Attirano ancora dopo inchieste e scandali? Restano un valido strumento di selezione o hanno smarrito lo spirito originario, che mobilitò nel 2005 quattro milioni e 300mila italiani per scegliere Prodi come candidato premier? Festa di popolo democratico o stanca mobilitazione di apparato? Napoli aspetta molte risposte. Le primarie, oltre al nome del candidato sindaco, diranno se il centrosinistra conta ancora in città, se riesce a mobilitare gli elettori. Se, in una parola, l’area riformista può competere all’elezione del sindaco, senza lasciare completamente il campo a de Magistris, ai Cinque Stelle e alla destra. Il Pd ha fissato a 30mila votanti la soglia di partecipazione giudicata soddisfacente. Molti meno dei 45mila delle disastrose primarie del 2011. Al di sotto dei 30mila sarà un pessimo segnale, a 20mila un flop. Alla eventuale crescita degli elettori viene collegato anche l’esito. Nel Pd si ascoltano ragionamenti di questo genere. Se l’area si espande molto oltre la soglia dei 30mila, coinvolgendo una fascia più ampia di popolazione, Antonio Bassolino potrebbe trarne vantaggio, beneficiando di una spinta civica e di una maggiore popolarità. Altrimenti potrebbe avere la meglio Valeria Valente, perché la maggioranza del partito è con lei. Naturalmente sono valutazioni sulla carta, perché il nodo vero, che sfugge a qualsiasi sondaggio e forse perfino al diretto interessato, è quanto resiste ancora l’antico legame tra Bassolino e i napoletani, dopo le tempeste politico-giudiziarie e gli anni dell’isolamento.

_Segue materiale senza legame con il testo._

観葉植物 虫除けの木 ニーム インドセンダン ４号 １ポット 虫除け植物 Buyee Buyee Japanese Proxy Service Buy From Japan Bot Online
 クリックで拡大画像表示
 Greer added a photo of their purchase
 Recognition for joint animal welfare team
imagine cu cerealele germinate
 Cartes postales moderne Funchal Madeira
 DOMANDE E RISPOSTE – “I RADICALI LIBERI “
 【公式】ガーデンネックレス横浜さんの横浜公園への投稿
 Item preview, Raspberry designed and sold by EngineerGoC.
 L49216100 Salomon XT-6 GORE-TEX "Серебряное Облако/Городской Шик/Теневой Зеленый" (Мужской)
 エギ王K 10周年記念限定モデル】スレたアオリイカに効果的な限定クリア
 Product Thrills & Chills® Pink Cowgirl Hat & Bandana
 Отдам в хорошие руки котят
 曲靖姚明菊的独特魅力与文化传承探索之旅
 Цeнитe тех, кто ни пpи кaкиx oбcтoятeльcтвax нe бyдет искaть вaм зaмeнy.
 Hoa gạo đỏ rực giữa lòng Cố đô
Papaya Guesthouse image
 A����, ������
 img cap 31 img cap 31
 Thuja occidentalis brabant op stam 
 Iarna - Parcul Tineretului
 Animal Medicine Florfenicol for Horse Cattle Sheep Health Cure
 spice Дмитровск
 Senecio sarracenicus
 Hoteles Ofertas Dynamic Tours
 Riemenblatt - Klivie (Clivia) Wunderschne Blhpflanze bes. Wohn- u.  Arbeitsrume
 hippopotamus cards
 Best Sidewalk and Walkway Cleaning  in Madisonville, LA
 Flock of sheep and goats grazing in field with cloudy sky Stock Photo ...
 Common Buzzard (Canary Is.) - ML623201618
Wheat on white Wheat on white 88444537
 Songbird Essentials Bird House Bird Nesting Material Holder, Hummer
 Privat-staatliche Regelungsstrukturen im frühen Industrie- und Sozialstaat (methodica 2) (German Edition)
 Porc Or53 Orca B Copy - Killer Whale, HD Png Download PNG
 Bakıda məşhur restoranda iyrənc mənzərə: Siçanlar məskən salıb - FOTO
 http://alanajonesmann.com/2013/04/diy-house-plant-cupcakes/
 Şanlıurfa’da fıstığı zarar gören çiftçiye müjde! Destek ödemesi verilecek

Il grado di partecipazione e la scelta del candidato consentiranno anche di rendere più precisi e credibili i sondaggi. Quelli fin qui emersi assegnano a de Magistris un consenso probabilmente sovrastimato, anche perché realizzati senza il candidato dei Cinque Stelle, senza quello del centrosinistra e con il centrodestra ancora fermo. Un’area che – almeno finora – si identifica in Gianni Lettieri più per l’iniziativa personale dell’imprenditore che per convinta spinta politica. Più probabile, allo stato dei fatti, una quadripartizione del consenso elettorale tra sindaco, Cinque Stelle, centrosinistra e centrodestra, in un quadro di forte astensionismo. Il fatto stesso che per il sindaco si profili il ballottaggio non è un buon segnale: chi ha ben governato dovrebbe mandare a gambe all’aria gli avversari fin dal primo turno.
Domenica lo scenario sarà più chiaro. Oltre ogni calcolo, però, queste primarie a Napoli raccontano anche il pessimo stato di salute del Pd, un partito che dialoga assai poco con la città. Il disastro del 2011 poteva essere l’occasione per risalire la china con una forte e credibile opposizione al radicalismo del sindaco, ma ciò non è accaduto. Ora Zapata ora Che Guevara, de Magistris si è preso tutta la scena.
Le primarie stesse potevano rappresentare un’occasione di dialogo sia pure tardivo con l’opinione pubblica, ma sono cadute quasi esclusivamente sulle spalle dei 4 candidati. Appena 25 manifesti giganti affissi in città per ricordare che domenica si vota. Una campagna sul web partita con decisione soltanto negli ultimi giorni. I seggi ridotti da 83 a 78 per il timore di brogli, il fantasma del 2011 che ha costretto il Pd a parlare più della “App” per evitare scandali, che del programma.
La “App”. Iniziativa apprezzabile e molto di moda. Tuttavia coperta dal fragoroso silenzio su ben altri imbrogli, per esempio quelli avvenuti a Salerno nel 2012 per scegliere i candidati al parlamento. Si contarono più voti dei votanti, alle “parlamentarie” prepagate addirittura con le monetine del Bingo. Di fronte a questa vergogna hanno taciuto il Pd e il governatore Vincenzo De Luca. Il silenzio non fa bene alle primarie. Non fa bene l’inchiesta su politica e camorra a Casavatore, che descrive un Pd permeabile alle infiltrazioni criminali, dominato da bande e gruppi di potere. Desolante. Quanto peserà Casavatore sulle urne di domenica? Queste votazioni hanno senso se sono uno strumento a prova di brogli dentro un quadro di regole certe, altrimenti si trasformano in una resa dei conti nel centrosinistra e nulla più. Le primarie parlano: ma cosa diranno domenica?